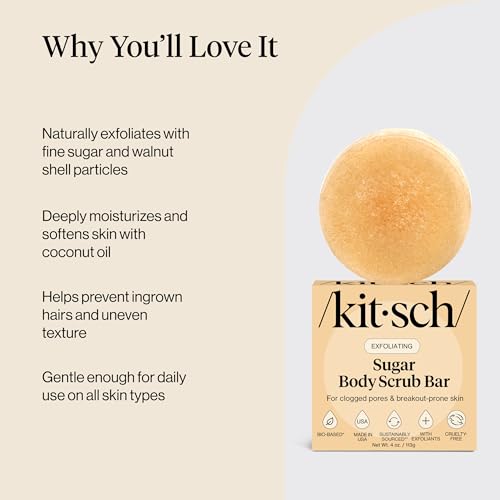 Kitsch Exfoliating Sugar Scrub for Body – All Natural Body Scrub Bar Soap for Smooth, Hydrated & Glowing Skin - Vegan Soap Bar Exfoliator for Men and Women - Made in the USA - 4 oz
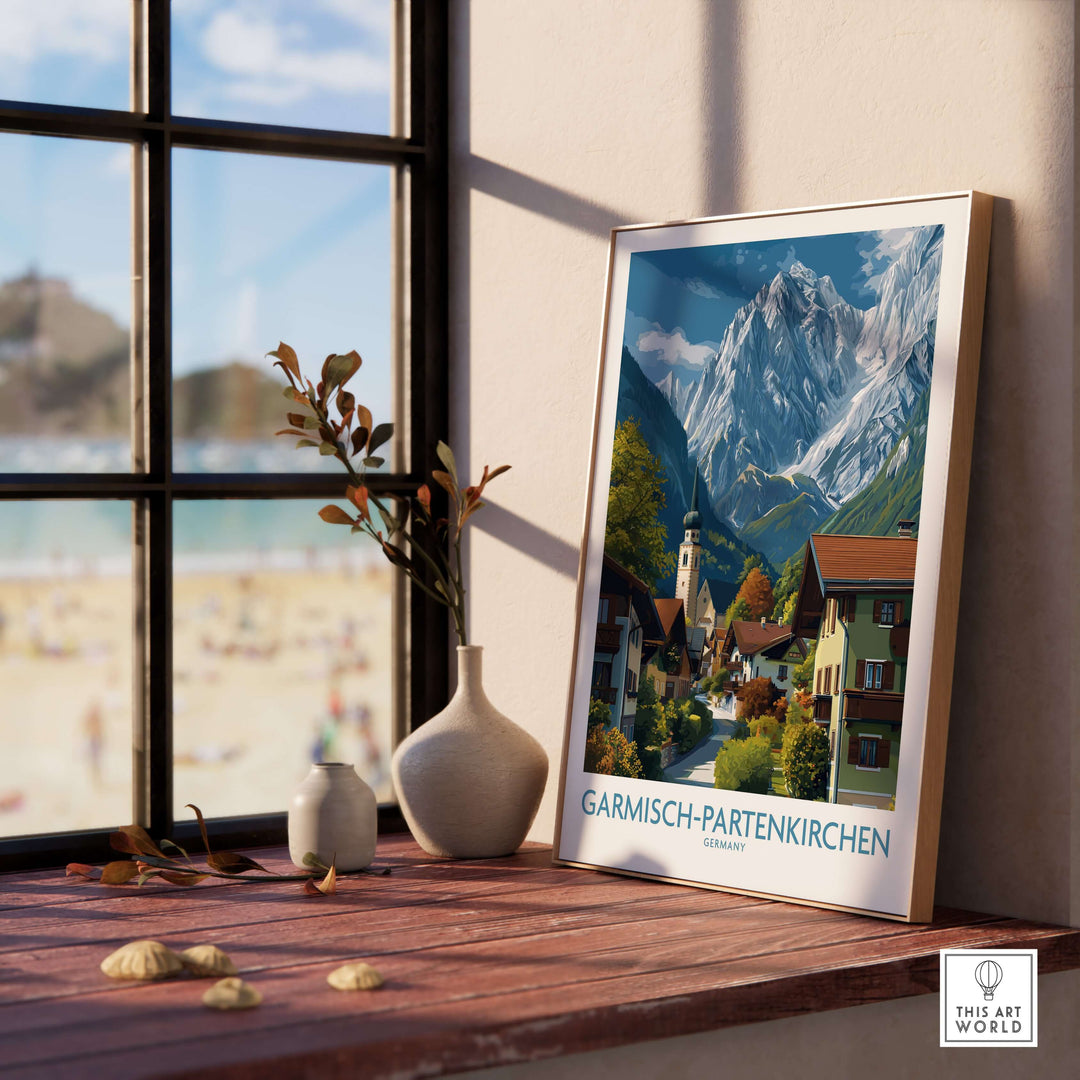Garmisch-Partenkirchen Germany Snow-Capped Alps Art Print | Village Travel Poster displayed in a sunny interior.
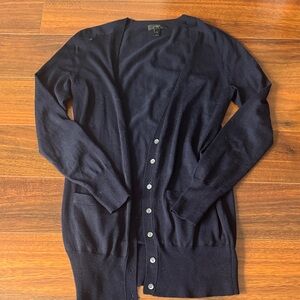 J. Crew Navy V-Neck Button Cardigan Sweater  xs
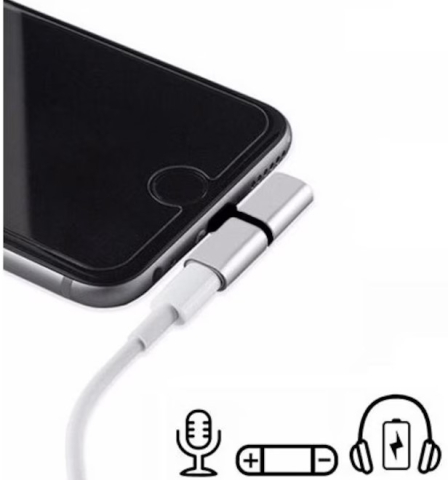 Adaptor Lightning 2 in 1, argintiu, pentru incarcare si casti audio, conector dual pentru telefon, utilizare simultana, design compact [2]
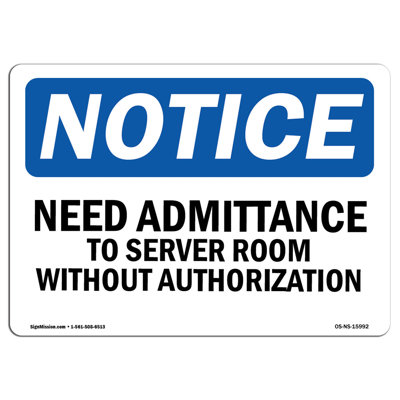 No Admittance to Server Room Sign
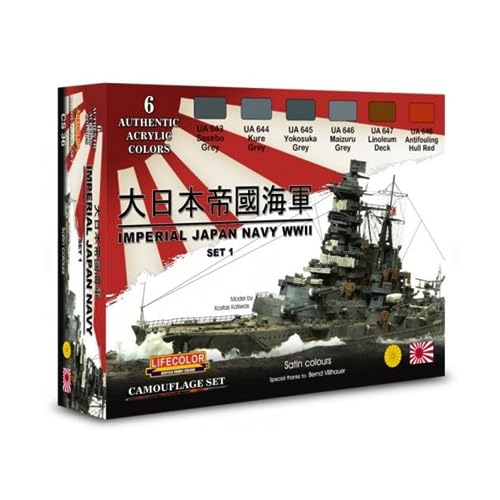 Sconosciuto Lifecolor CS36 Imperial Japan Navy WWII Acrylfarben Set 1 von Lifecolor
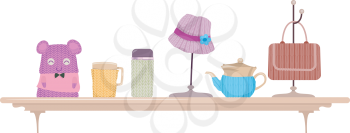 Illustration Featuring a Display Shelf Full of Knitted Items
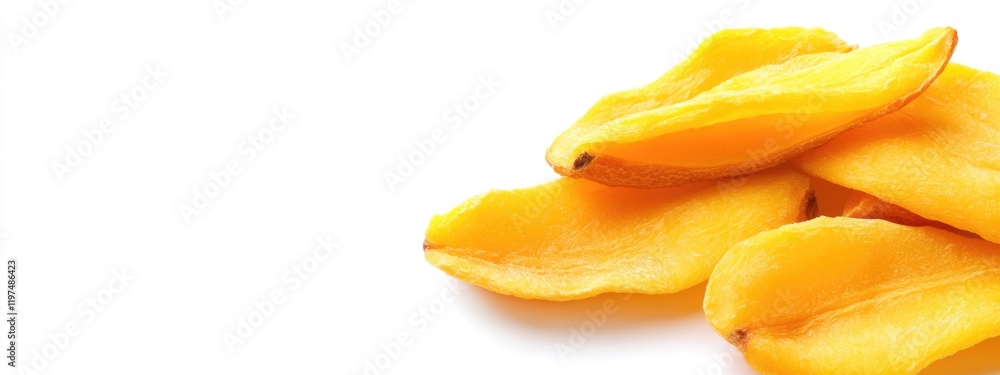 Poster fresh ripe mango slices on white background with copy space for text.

· · · · ·

Work task
Pictures excluded, output exactly the line that contains "Sconosciuto Lifecolor CS36" and every line after it to the end of the data above.

Task output
 Sconosciuto Lifecolor CS36 Imperial Japan Navy WWII Acrylfarben Set 1 von Lifecolor
 Illustration Featuring a Display Shelf Full of Knitted Items
 Poster fresh ripe mango slices on white background with copy space for text.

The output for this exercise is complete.